Anders Björler (born 26 February 1973) is a Swedish musician, composer and film director. He is best known as the guitar player in the metal bands The Haunted and At the Gates, alongside his bass-playing twin brother Jonas Björler.

Björler has also directed, edited and produced music videos, documentaries and in-the-studio features for bands such as In Flames, Dark Tranquillity and Meshuggah, as well as his own bands.

Career

At the Gates (1990–1996, 2007–2017, 2022–present) 
Björler was a founding member of the melodic death metal band At the Gates with his twin brother Jonas Björler, as well as Tomas Lindberg, Alf Svensson, and Adrian Erlandsson.
In July 1996, at the end of the touring cycle for their critically acclaimed 1995 album Slaughter of the Soul, Björler left the band and At the Gates consequently split up.
In October 2007, At the Gates announced a final reunion for 2008, playing major European music festivals and tour dates in the US, Japan and Sweden.

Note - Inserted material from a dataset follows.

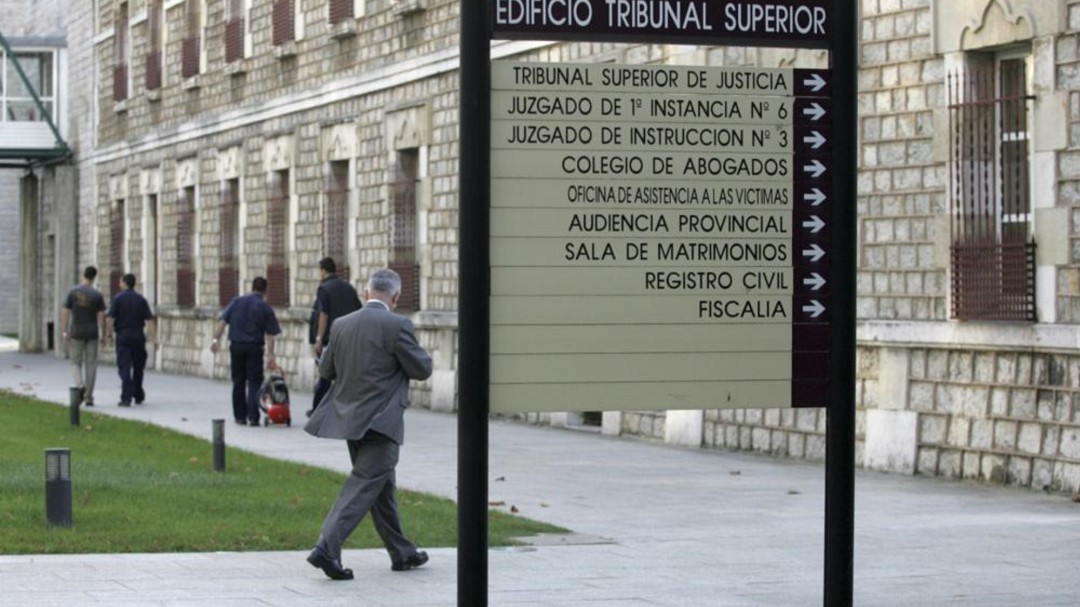 El acusado de originar la pérdida de un ojo a otro hombre en Castro Urdiales no se presenta al juicio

The band reunited a second time in 2011, however, to play more shows. The band also released a comeback album, entitled At War with Reality, in late 2014. Björler departed the band in March 2017, with At the Gates continuing on with a replacement guitarist and a new album following his departure from the band. In late 2022, following the departure of Jonas Stålhammar, Björler rejoined At the Gates as a guitarist.

The Haunted (1996–2001, 2002–2012) 
In September 1996, a few months after the break up of At the Gates, Björler joined The Haunted as the lead guitarist. He remained in the band until 2001, when he decided to focus on university film studies. Björler returned to the band in 2002, but once again departed from the band in October 2012.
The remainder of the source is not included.